START Given material

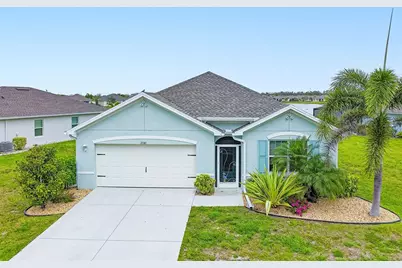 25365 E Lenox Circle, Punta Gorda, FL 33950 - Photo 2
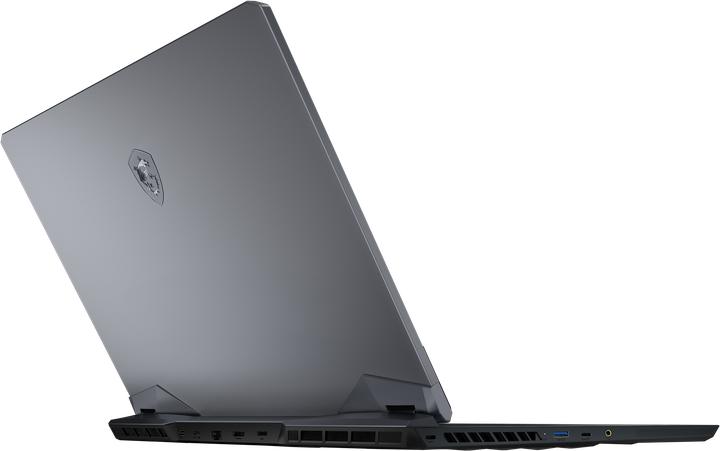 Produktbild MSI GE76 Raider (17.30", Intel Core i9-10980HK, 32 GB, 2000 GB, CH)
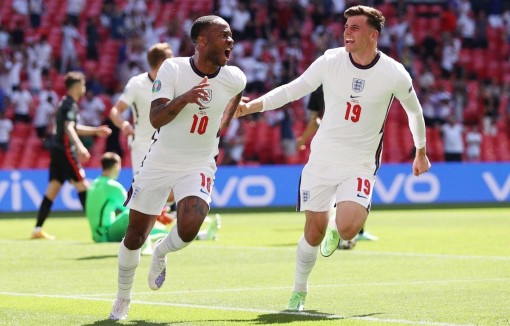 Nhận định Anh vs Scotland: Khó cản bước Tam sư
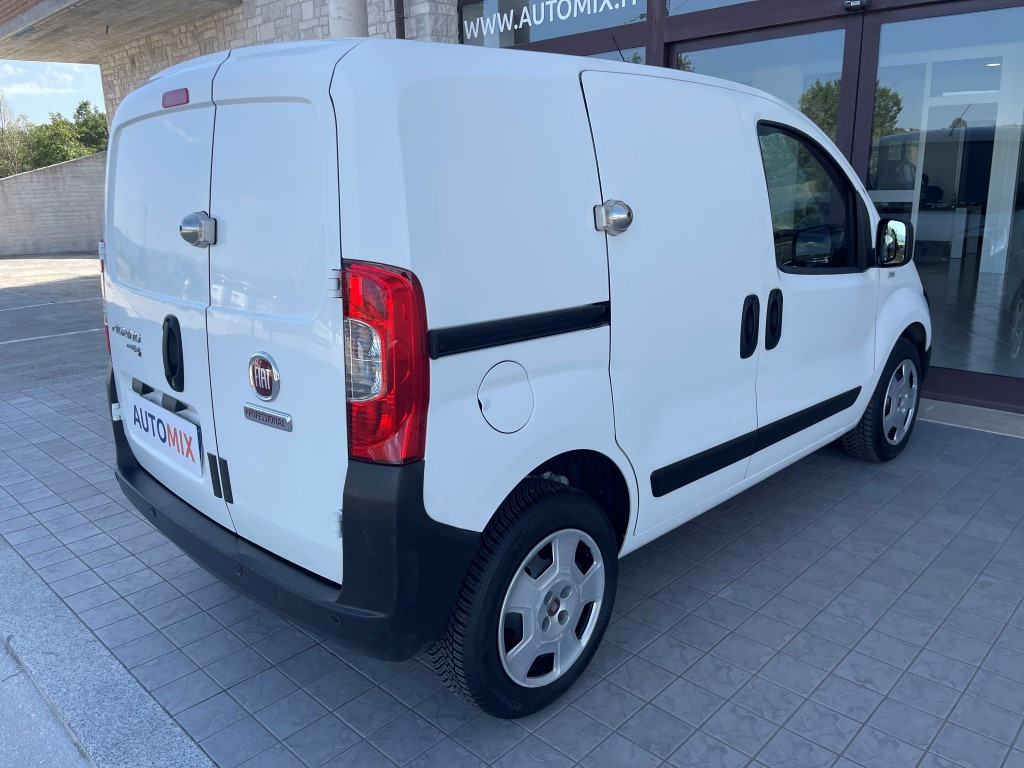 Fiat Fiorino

END Given material

Transcribe all the material exactly; skip every image.

 25365 E Lenox Circle, Punta Gorda, FL 33950 - Photo 2
 Produktbild MSI GE76 Raider (17.30", Intel Core i9-10980HK, 32 GB, 2000 GB, CH)
 Nhận định Anh vs Scotland: Khó cản bước Tam sư
 Fiat Fiorino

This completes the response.